ABOUT THIS TASK: After finding "2025 Chevrolet Silverado" in a line below, print that line and the rest of the lines exactly, leaving out all pictures.

++++++++++

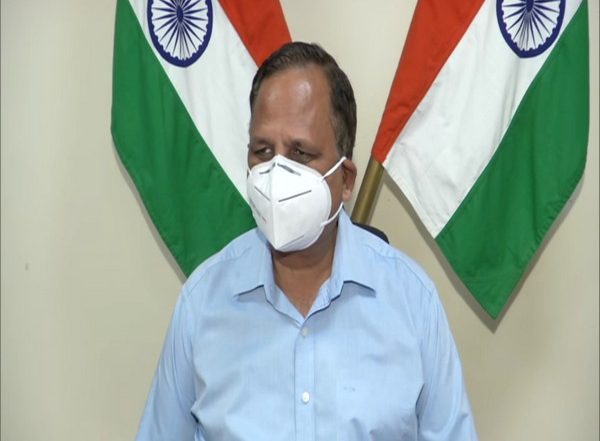 India News | Acute Shortage of Oxygen at GTB Hospital, Says Delhi Health Minister Urging Piyush Goyal to Help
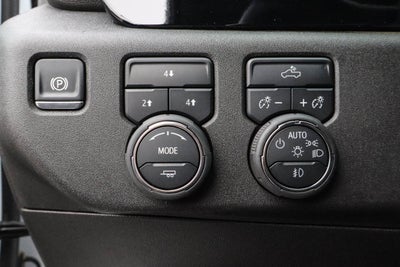 2025 Chevrolet Silverado 2500HD 4WD Crew Cab 172 LT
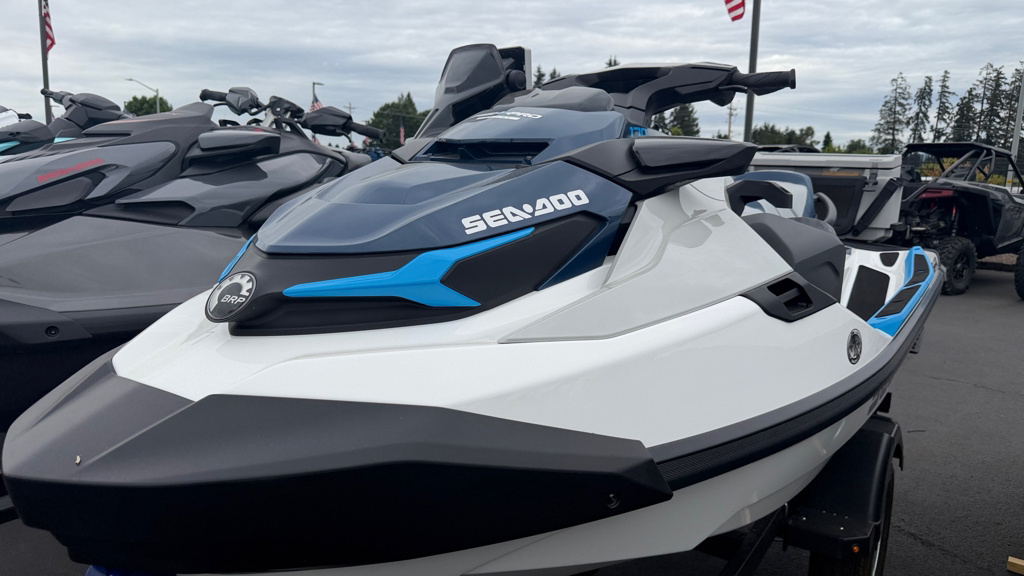 2026 Sea-Doo FishPro Sport 170 BRP Premium Audio with iDF and i SPORT 170 BRP PREMIUM AUDIO WITH IDF AND IBR in Sublimity, OR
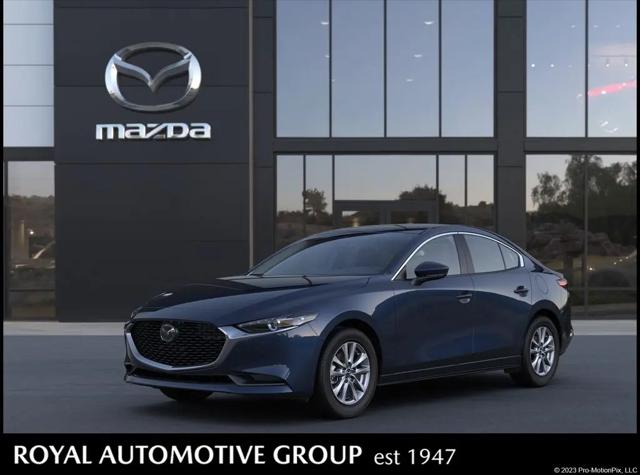 2026 Mazda Mazda3 2.5 S for sale in San Francisco, CA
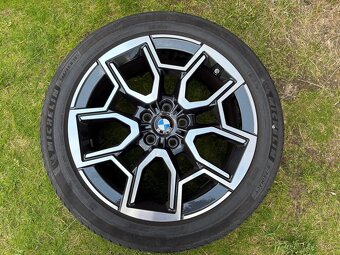 Originální letni alu kola BMW X1 iX1 X2 19" U10 U11 - 3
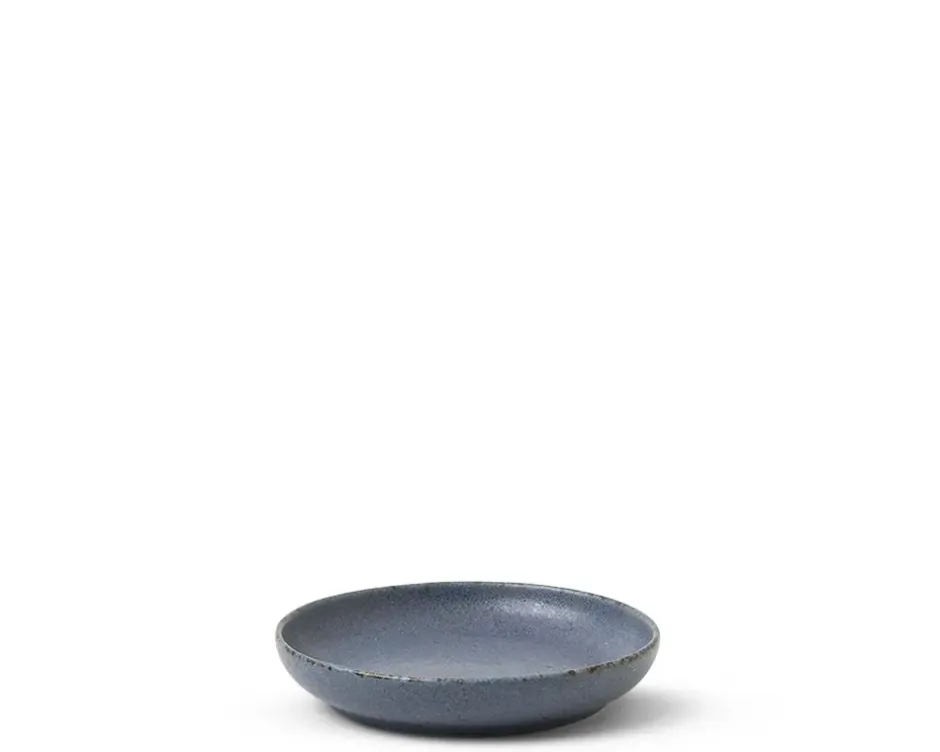 Sauce Dishes^MIYA Company Ishi Blue Sauce Dish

++++++++++

RESPONSE TO THE TASK:
 2025 Chevrolet Silverado 2500HD 4WD Crew Cab 172 LT
 2026 Sea-Doo FishPro Sport 170 BRP Premium Audio with iDF and i SPORT 170 BRP PREMIUM AUDIO WITH IDF AND IBR in Sublimity, OR
 2026 Mazda Mazda3 2.5 S for sale in San Francisco, CA
 Originální letni alu kola BMW X1 iX1 X2 19" U10 U11 - 3
 Sauce Dishes^MIYA Company Ishi Blue Sauce Dish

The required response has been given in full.